Nonlinear Wave-Spin Interactions in Nitrogen-Vacancy Centers

TL;DR

This paper demonstrates nonlinear wave-spin interactions in NV centers, revealing effects like sum/difference frequency resonance and electromagnetically induced transparency, with implications for quantum control and sensing.

Contribution

It introduces a method to realize and verify nonlinear effects in NV centers through microwave-spin interactions, advancing quantum sensing technologies.

Findings

Observation of sum and difference frequency resonances.
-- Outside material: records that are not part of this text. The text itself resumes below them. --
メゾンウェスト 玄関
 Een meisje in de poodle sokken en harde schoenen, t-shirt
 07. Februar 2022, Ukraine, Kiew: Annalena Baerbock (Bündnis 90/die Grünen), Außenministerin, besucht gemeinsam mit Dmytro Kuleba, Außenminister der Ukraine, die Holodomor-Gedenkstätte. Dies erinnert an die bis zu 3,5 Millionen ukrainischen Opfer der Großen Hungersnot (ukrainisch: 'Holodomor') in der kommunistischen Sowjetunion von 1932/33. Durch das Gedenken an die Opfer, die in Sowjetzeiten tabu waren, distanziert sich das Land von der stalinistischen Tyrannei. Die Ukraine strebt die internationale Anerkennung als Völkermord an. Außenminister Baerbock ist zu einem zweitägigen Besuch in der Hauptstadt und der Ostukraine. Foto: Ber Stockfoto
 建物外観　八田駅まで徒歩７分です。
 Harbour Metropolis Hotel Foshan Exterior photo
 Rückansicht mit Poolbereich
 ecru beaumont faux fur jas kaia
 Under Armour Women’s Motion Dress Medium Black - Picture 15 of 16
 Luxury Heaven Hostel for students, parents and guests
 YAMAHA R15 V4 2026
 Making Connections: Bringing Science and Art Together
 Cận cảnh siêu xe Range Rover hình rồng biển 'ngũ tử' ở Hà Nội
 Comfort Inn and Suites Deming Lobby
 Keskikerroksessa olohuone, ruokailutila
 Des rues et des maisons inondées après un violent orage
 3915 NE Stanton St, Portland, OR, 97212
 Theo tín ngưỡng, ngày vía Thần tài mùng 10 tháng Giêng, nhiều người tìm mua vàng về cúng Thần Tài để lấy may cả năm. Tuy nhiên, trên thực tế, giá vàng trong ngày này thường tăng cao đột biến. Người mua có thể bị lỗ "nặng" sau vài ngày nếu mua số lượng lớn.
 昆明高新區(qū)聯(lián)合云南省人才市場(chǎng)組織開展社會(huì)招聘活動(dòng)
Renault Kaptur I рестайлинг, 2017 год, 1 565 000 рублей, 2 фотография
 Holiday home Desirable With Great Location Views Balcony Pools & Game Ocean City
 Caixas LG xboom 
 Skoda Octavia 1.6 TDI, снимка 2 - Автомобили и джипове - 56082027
Verification of phase coherence via two-photon Rabi oscillations.

Potential for enhanced quantum control and sensing applications.

Abstract

Nonlinear phenomena represent one of the central topics in the study of wave-matter interactions and constitute the key blocks for various applications in optical communication, computing, sensing, and imaging. In this work, we show that by employing the interactions between microwave photons and electron spins of nitrogen-vacancy (NV) centers, one can realize a variety of nonlinear effects, ranging from the resonance at the sum or difference frequency of two or more waves to electromagnetically induced transparency from the interference between spin transitions. We further verify the phase coherence through two-photon Rabi-oscillation measurements. The highly sensitive, optically detected NV-center dynamics not only provides a platform for studying magnetically induced nonlinearities but also promises novel functionalities in quantum control and quantum sensing.